**Aim of the task:** Repeat only the lines from the one containing "2014 Hyundai Genesis Coupe 2.0T - zdjęcie 9" to the final line below, exactly as they read, and leave every picture out.

**Information shown:**
# # # # #

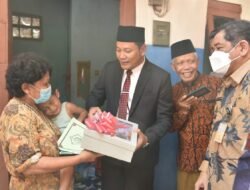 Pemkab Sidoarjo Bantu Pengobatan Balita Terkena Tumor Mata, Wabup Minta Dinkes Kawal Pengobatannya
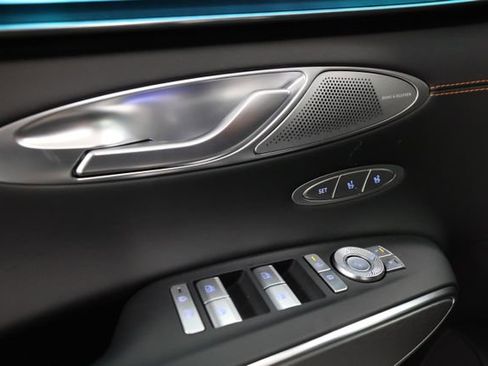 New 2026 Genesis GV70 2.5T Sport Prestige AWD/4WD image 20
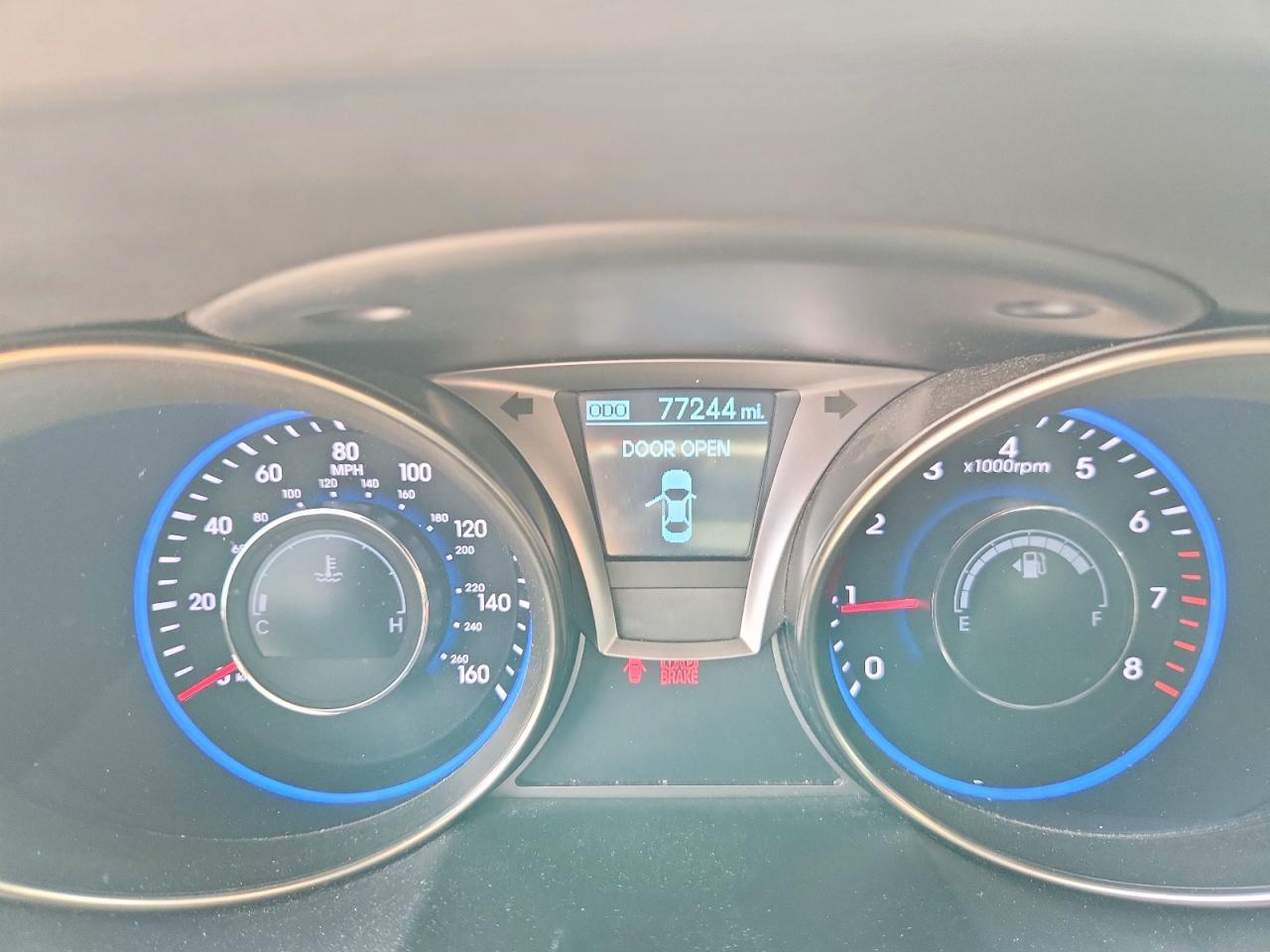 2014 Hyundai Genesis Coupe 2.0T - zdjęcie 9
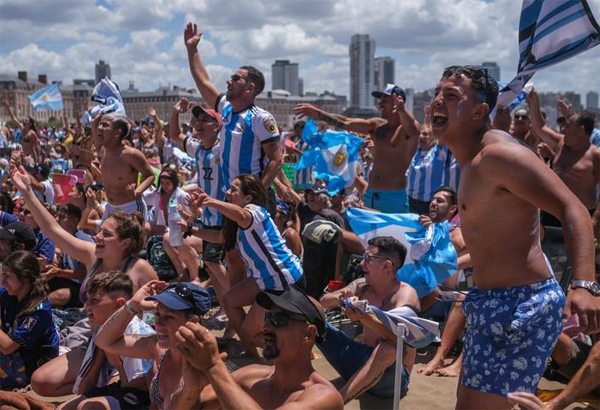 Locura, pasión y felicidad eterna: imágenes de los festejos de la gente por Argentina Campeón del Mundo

# # # # #

**The answer:**
 2014 Hyundai Genesis Coupe 2.0T - zdjęcie 9
 Locura, pasión y felicidad eterna: imágenes de los festejos de la gente por Argentina Campeón del Mundo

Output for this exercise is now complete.